Progressives have a strong commitment to educational equity and adequacy for historically disadvantaged populations.  They think that funding is critical, but nearly all understand that how the money is spent and to what ends is equally important.  One of the undeniable successes of NCLB was to expose to public scrutiny the failures of many of our public schools to adequately educate disadvantaged subgroups.  If information on student learning from annual testing disappears, so too will the attention to the needs of subgroups that are illuminated through annual testing.  Progressives should support annual testing for reasons of equity.

Concerned parents are reacting to test prep regimes for annual tests, not the tests themselves (which take no more than a day of school time to administer).  If the federal targets for test scores and associated sanctions are jettisoned, so too should much of the test prep regime.  Test scores become, then, one among several forms of information on school performance that parents should value and consume.  Parents who are concerned about their children’s schooling should want to know how their school of choice is performing on state tests, as well as the satisfaction of parents and students who are served by the school, the experience and effectiveness of its teachers, the extent to which the school prepares its students for the next step in their education journey, the school’s extracurricular activities and degree of student engagement, and  other factors that people care about and can be made available for public scrutiny.  Surely, such parents no more want to be in the dark about a K-12 school’s academic performance than they would want to ignore the quality of the college to which their child will eventually seek enrollment.

Teacher unions may be a lost cause on annual testing because of the harsh stance they have already taken and their awareness that information on individual differences in teacher effectiveness is a powerful lever that doesn’t require a federal accountability mandate to be put to use by reform-oriented school districts.  But even they may see value in a horse trade in which Congress eliminates federal requirements for states to evaluate teachers based on test scores but retains annual testing.  

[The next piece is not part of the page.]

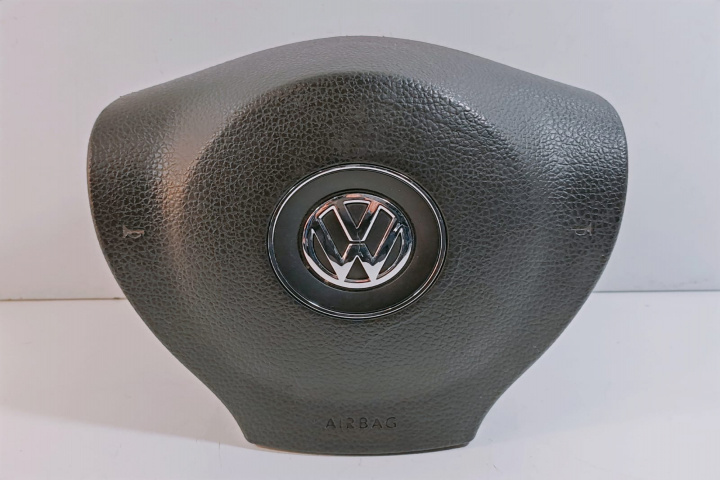 Airbag Volan 3C8880201L Volkswagen VW Tiguan [facelift] 5N [2011 - 2017]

The performance of the nation’s education system is critical to our future and to the lives of the students who experience it.  The fundamental responsibility of schools is student learning.  Valid estimates of student learning that strongly predict later life outcomes can be derived from annual academic tests.  Much depends on the continued collection and dissemination of such information.  Only the federal government is in a position to see that it happens.  Congress can reauthorize ESEA, retain the requirement for annual tests that yield measures of student growth, and satisfy a diverse set of political factions if it focuses on its responsibility to see that valid information on school performance is available for all to use while pulling back from previous efforts to insert the U.S. Department of Education into roles that were previously reserved to states and school districts.